Data, in StatVeda format
One incomplete block per line, each cell EntryName:value, replicates separated by a line containing only three dashes. Eight blocks per replicate, two replicates, 128 plots. The trial is large, so an excerpt is shown; the full paste continues in the same pattern.
# Replicate 1, blocks of 8 (grain yield t/ha) E1:4.82, E2:5.11, E3:4.65, E4:5.30, E5:4.95, E6:5.02, E7:4.71, E8:5.18 E9:4.55, E10:5.40, E11:4.88, E12:5.05, E13:4.62, E14:5.22, E15:4.79, E16:5.10 # ... blocks 3 to 8 of replicate 1, same EntryName:value pattern ... --- # Replicate 2, blocks of 8 (entries re-grouped into new incomplete blocks) E1:4.75, E9:4.60, E17:5.01, E25:4.88, E33:4.92, E41:4.70, E49:5.12, E57:4.83 E2:5.05, E10:5.34, E18:4.79, E26:5.20, E34:4.66, E42:5.15, E50:4.90, E58:5.08 # ... blocks 3 to 8 of replicate 2 ...
What she does in StatVeda
Open Experimental Designs. Pick Alpha Lattice (PBIB) Design. Paste the full block-structured data with the three-dash separator between the two replicates. Run.
ANOVA: Replications (1 df), Blocks within replications (adjusted), Entries (63 df, adjusted for blocks), and intra-block Error. The entry effect is significant after block adjustment.
Adjusted (block-corrected) entry means are reported alongside unadjusted means.
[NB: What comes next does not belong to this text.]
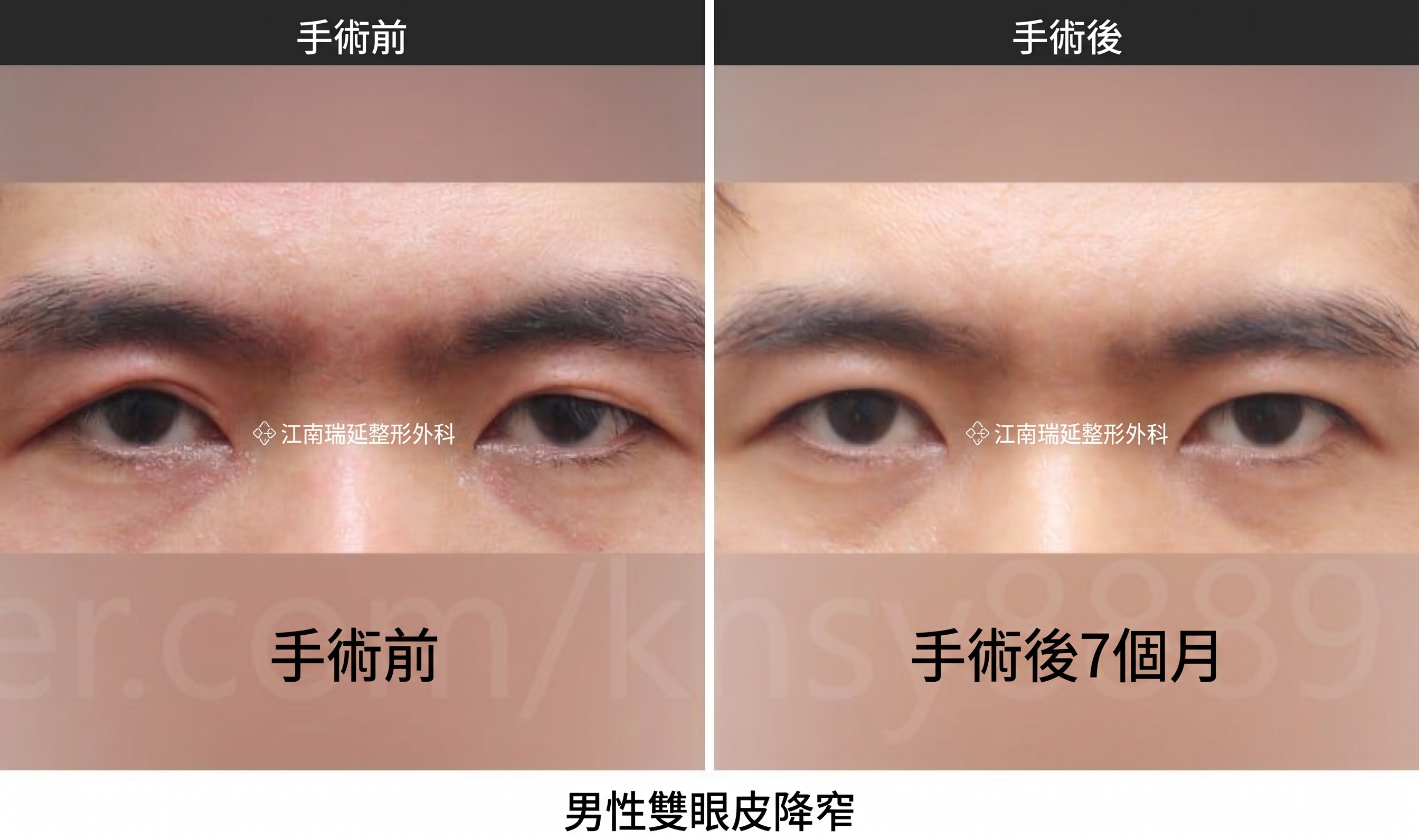 男性雙眼皮降窄手術，由全球首篇SCI國際論文佐證的專業實力 사진 2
Several entries shift rank: an entry that sat in two high-fertility incomplete blocks has its mean adjusted downward, and a strong entry that fell in poor blocks is adjusted upward. Example: E10 unadjusted 5.37, adjusted 5.21; E25 unadjusted 4.88, adjusted 5.06.
CD(5%) for comparing two adjusted entry means is reported from the effective error variance, not the raw error.
Efficiency of the alpha lattice relative to a randomised block design = 1.34. Reading: the lattice extracted enough block variation that an RBD on the same plots would have needed about 34 percent more replications to reach the same precision.
What it means
The block adjustment is not cosmetic. Because each incomplete block of eight plots sat at a slightly different point on the fertility gradient, the unadjusted means partly reflect which block an entry happened to land in. The adjusted means remove that, so the ranking reflects genotype, not soil. The relative efficiency of 1.34 is the concrete payoff: the incomplete-block control bought precision equivalent to a third more replication, at no extra field cost.
Select the next-stage entries on adjusted means, not unadjusted means. Entries like E25 that rose after adjustment are genuine performers held back by poor blocks; entries like E10 that fell were flattered by good blocks.
Advance the top 16 adjusted entries that exceed the trial mean by more than the reported CD into a multi-location trial.
Keep the alpha lattice for the next preliminary trial. A relative efficiency of 1.34 means it is clearly worth the small extra layout effort over an RBD at this entry count.
Priya reports both mean columns side by side so reviewers can see which entries moved and why, plus the relative-efficiency number that justifies the design choice.
The trap of reading unadjusted means
If she had ignored the incomplete-block structure and ranked on raw means, she would have promoted E10 over E25, the exact reverse of the correct call. With 64 entries spread across a fertility gradient, a few placements in good or bad blocks are enough to flip a shortlist. The adjusted means are the entire reason for using a lattice rather than just averaging.
What she will do next season
Carry the top 16 adjusted entries into a multi-location replicated trial, where GxE becomes the question and an AMMI or GGE biplot becomes the right tool. The alpha lattice did its job at the single-site screening stage: it filtered 64 entries down to a manageable 16 with the block noise removed.